Charter school operator in Southern California

KIPP SoCal ("SoCal" means Southern California) is a charter school operator associated with KIPP (Knowledge Is Power Program). KIPP LA, serving the Los Angeles metropolitan area, was founded in 2003 with two middle schools and now consists of 15 schools.

According to an article in LA School Report, the district "serves 5,750 students, 90 percent of them low income, 74 percent are Latinos, 24 percent are English learners, and 11 percent receive special education services."

KIPP LA united with KIPP San Diego in July 2019 to form KIPP SoCal. Marcia Aaron is KIPP SoCal's CEO and founder.

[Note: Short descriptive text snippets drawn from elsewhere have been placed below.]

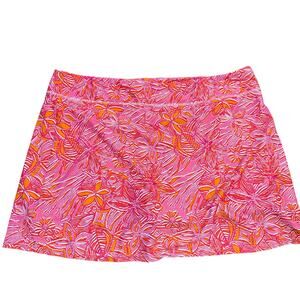 Southwind Apparel Court Skorts, Pink Orange Hibiscus, UPF 50+, Plus Size 2XL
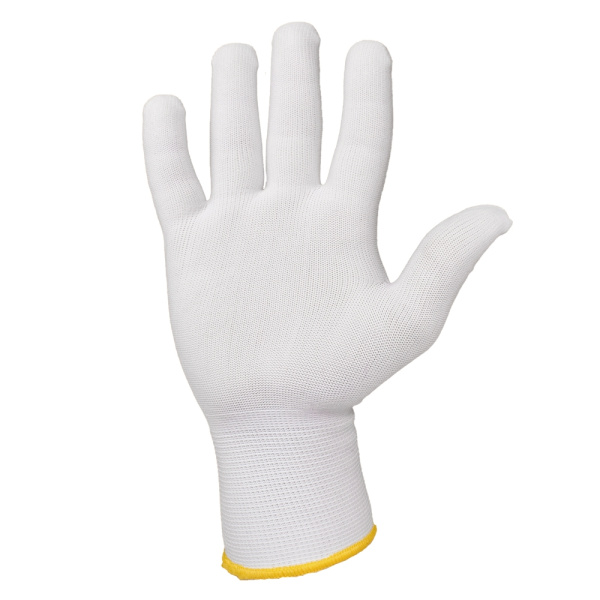 JS011n Легкие бесшовные трикотажные перчатки из нейлона, цвет белый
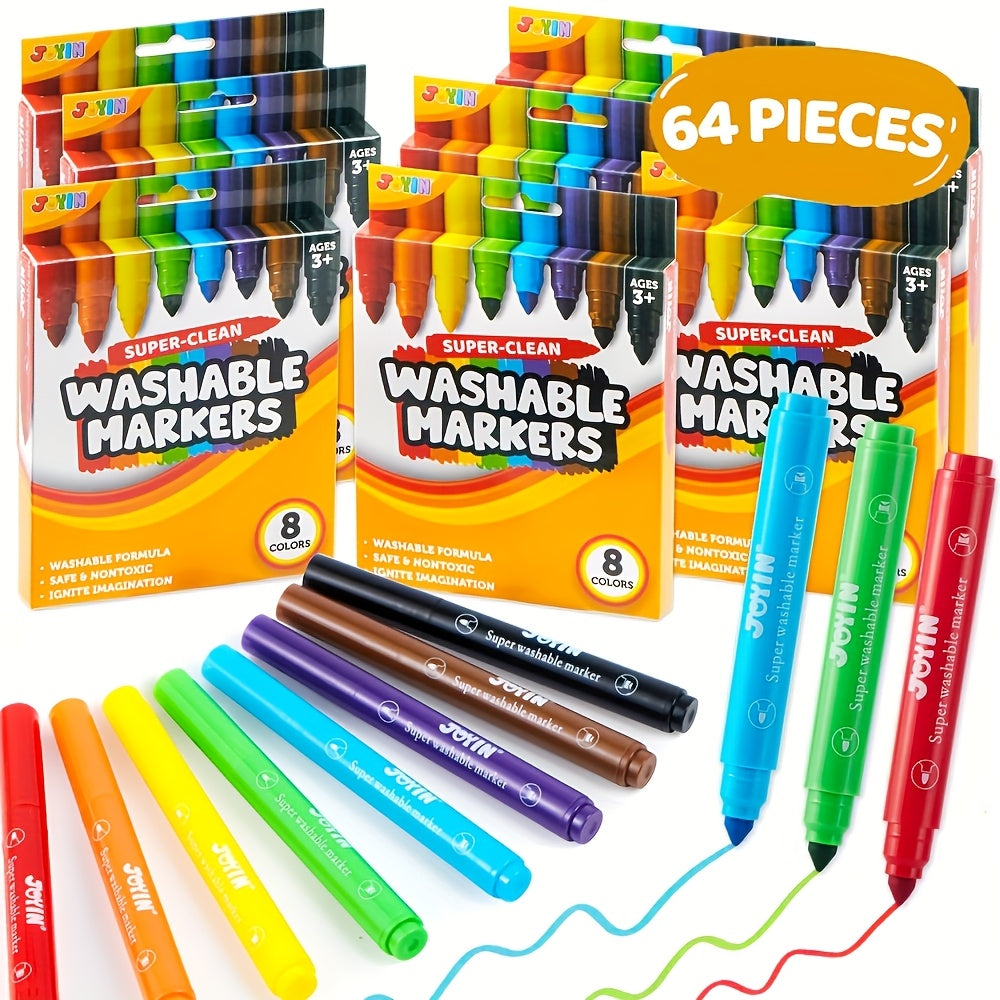 TEMU 64 Count Washable Marker Set, 8 Assorted Colors, Individual Pack Of 8, Non-toxic Markers For Kids Ages 3+, School Supplies, Birthday Gifts For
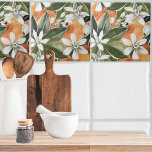 Azulejo De Cerâmica Padrão Tropical Laranja e Flores de Água<br><div class="desc">Padrão Tropical Laranja e Flores de Água</div>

== Awards and recognition ==
In 2015, KIPP Raíces Academy School was named a National Blue Ribbon School by the US Department of Education. The same award was given in 2016 to KIPP Los Angeles College Prep.

A 2016 Education Equality Index from Education Cities recognized the work done by three KIPP LA schools to close the achievement gap.

A 2017 Stanford University study said that KIPP LA gained 90 days of learning in reading compared with students at LA district schools.

== Conflicts with District ==
In 2017, KIPP LA was involved with a conflict with the Los Angeles School District over what KIPP considered to be overly aggressive oversight, including by the district's inspector general.